O jantar deu o que falar. Tanto pelo lado católico como pelos republicanos. Afinal, há pouco mais de trinta anos, Igreja e Estado, no Brasil imperial, eram uma só e mesma coisa. Com a República, houve a separação, querida pelos republicanos e odiada pelos eclesiásticos. Foram trinta e cinco anos de guerra entre batinas e fardas. Sim. A Primeira República, mesmo com presidentes civis, nunca deixou de ser tutelada pelos militares de formação positivista, antirreligiosos e anticlericais que viam nos bispos, padres, religiosos e religiosas, os agentes inimigos que poderiam trazer de volta a expurgada monarquia. E há de reconhecer que eles não deixavam de ter razão.
A atitude do Cardeal Arcoverde e a afirmativa aceitação por parte de Artur Bernardes indicavam os novos tempos e os novos rumos desejados tanto pela Igreja como pelo Estado brasileiro. Não mais conflito. O tempo agora é de aproximação, de cooperação, de estender as mãos para o bem da Nação. O jantar foi um sucesso celebrado, no dia seguinte, em um almoço com a presença de todos os bispos do Brasil.
A nova política de relações entre Igreja e Estado foi consolidada sete anos depois quando, no dia 12 de outubro de 1931, Getúlio Vargas e o Cardeal Sebastião Leme da Silveira Cintra, sentaram lado a lado e conversaram animadamente na inauguração do Cristo Redentor. Getúlio precisava do apoio da Igreja para consolidar seu golpe. E o Cardeal Leme precisava do apoio e do dinheiro do Estado para a retomada católica. Era a reprodução nacional do Tratado de Latrão entre Pio XI e Benito Mussolini. Tanto lá como cá, os representantes eclesiásticos e os civis também compartilhavam visões muito próximas de sociedade e da necessidade de governos fortes para manter a ordem, a paz e o progresso.
No último dia 4 de abril, o mesmo local foi cena de um encontro entre um Presidente e um Cardeal. O atual ocupante do Palácio do Planalto foi ao Cristo Redentor onde foi recebido por Dom Orani Tempesta. O primeiro estava acompanhado por vários Ministros de Estado e pelo Governador do Rio de Janeiro, o cantor católico Claúdio Castro. O Cardeal também foi acompanhado por seu séquito facilmente identificável pelas batinas pretas e colarinhos eclesiásticos. A razão do encontro foi a assinatura de um Acordo de Convivência pelo qual a Arquidiocese do Rio de Janeiro tem livre acesso ao local e volta a participar nas receitas do parque. Um sopro financeiro para os combalidos cofres da igreja carioca.
A imprensa não noticiou se houve, após a cerimônia, um almoço com os convidados.
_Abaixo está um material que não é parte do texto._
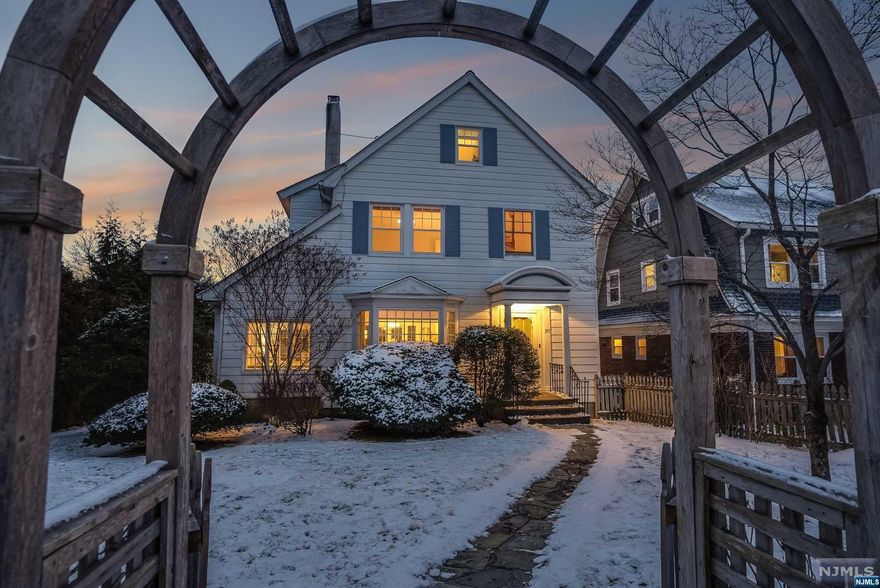 In addition to the perfect location, this updated home has curb appeal and charm! The 1st floor is the heart of the home with easy flow between spaces, sunlight pouring through the many windows and French doors, and pristinely restored details like dentil molding and original built-ins. The Kitchen will delight with an expanse of white quartz counters, SS appliances,center island w/ breakfast bar and easy access to the DR. The two-sided fireplace connects the LR and Den w/original stone floors and door to the garden. French doors lead to the covered porch overlooking the garden, w/ ceiling fans & plenty of space for outdoor entertaining and dining. Upstairs, 3 large BR's & updated Full Bath await.3d floor is a perfect hang-out or 4th BR. The lower level is a walkout, through the built-in garage, with updated Full Bath w/radiant heat and separate Laundry Room.Central air throughout, New Furnace, Roof & H/W Heater within the past 5.5 years. Generac generator. .4 mile to NYC train.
Talvez não. Não sei, mas imagino que não. Afinal, já não estamos no tempo em que o comer junto era a demonstração de empatia e compromisso mútuo. Hoje bastam as fotos e os vídeos postados nas redes sociais. E essas foram abundantes. Além disso, comida, para um dos participantes do evento, é sempre um risco. Ainda mais se for um prato à base de frutos do mar. Pode trancar o intestino e exigir internação. Para os católicos que não estiveram presentes no evento, foi um motivo para um pouco mais de indigestão religiosa. E de indignação e apreensão que nos levam a perguntar sobre os rumos de nossa Igreja no atual momento brasileiro. A hora não é para se pensar em ganhos financeiros imediatos, mas no presente e no futuro da maioria da população que volta a sentir, no seu dia a dia, a miséria e a fome, frutos do desgoverno que aí temos e que usa o discurso e as imagens religiosas para ocultar sua necrofilia idolátrica.
Que o Cristo Redentor nos proteja!
Em tempo: o título desta reflexão faz menção ao filme de Stanley Kramer que, mesmo lançado no distante 1967, vale a pena revisitar.